:: THE DATA ::
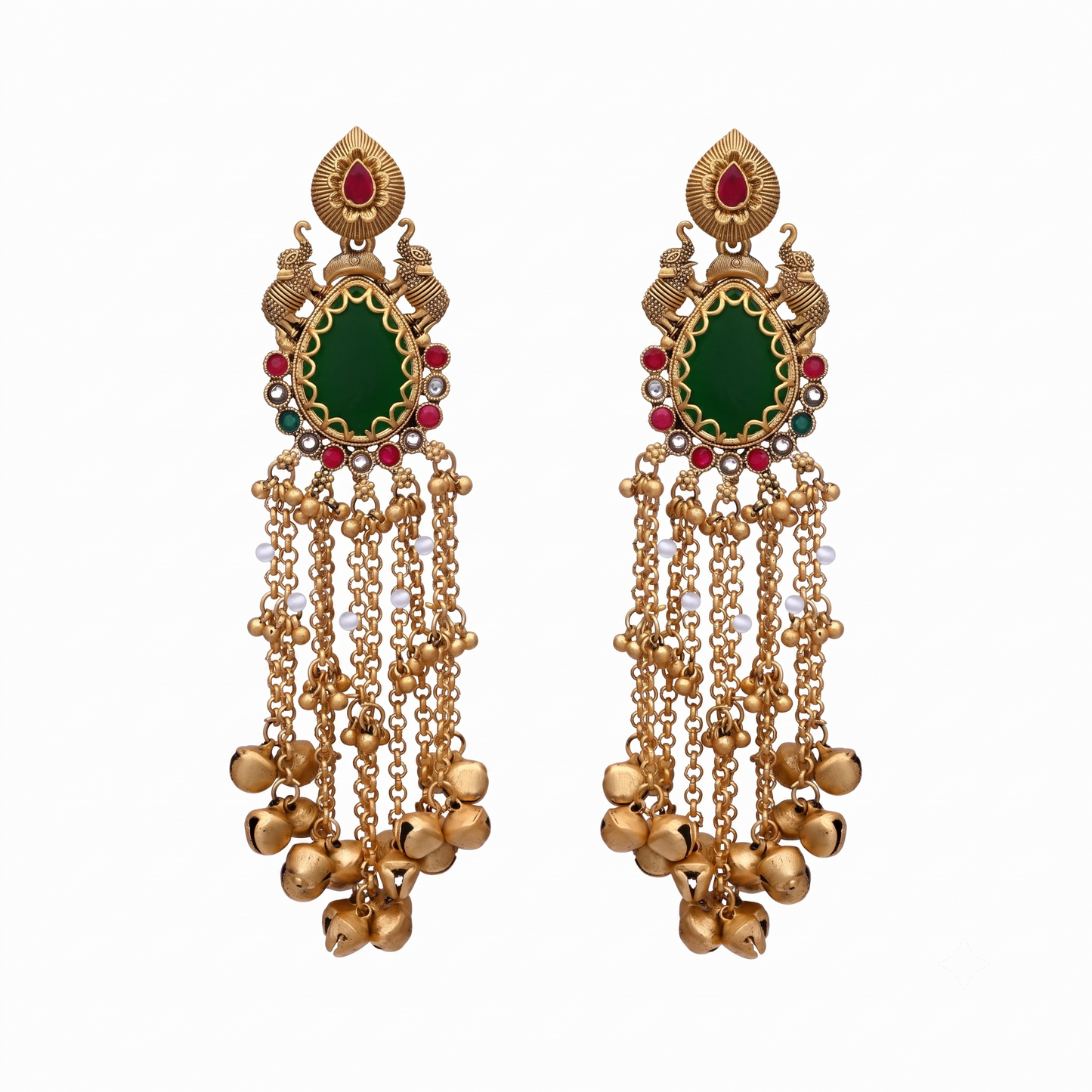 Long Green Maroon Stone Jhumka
...
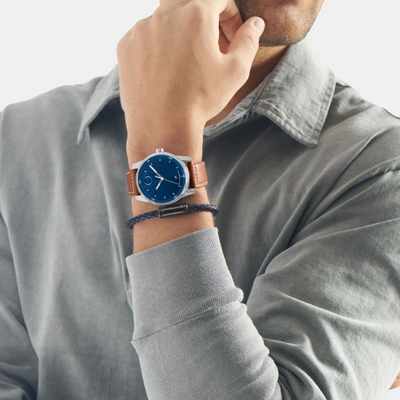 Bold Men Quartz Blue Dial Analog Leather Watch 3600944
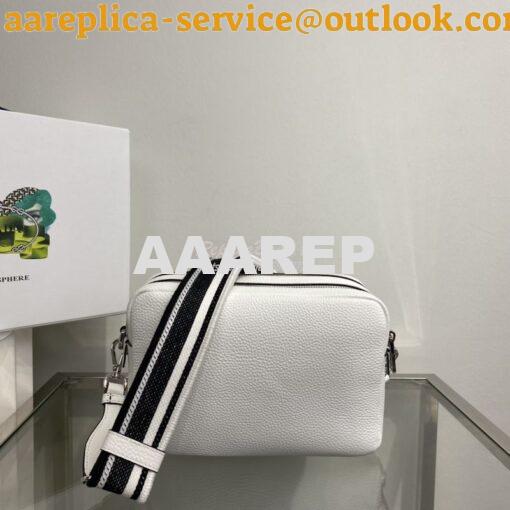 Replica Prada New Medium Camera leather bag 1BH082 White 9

:: WORK TO BE COMPLETED ::
Both boundary lines included, write out word for word only the lines above from the one containing "Bold Men Quartz" to the one containing "Replica Prada New", leaving out any pictures.

:: ANSWER TO THIS PROBLEM ::
 Bold Men Quartz Blue Dial Analog Leather Watch 3600944
 Replica Prada New Medium Camera leather bag 1BH082 White 9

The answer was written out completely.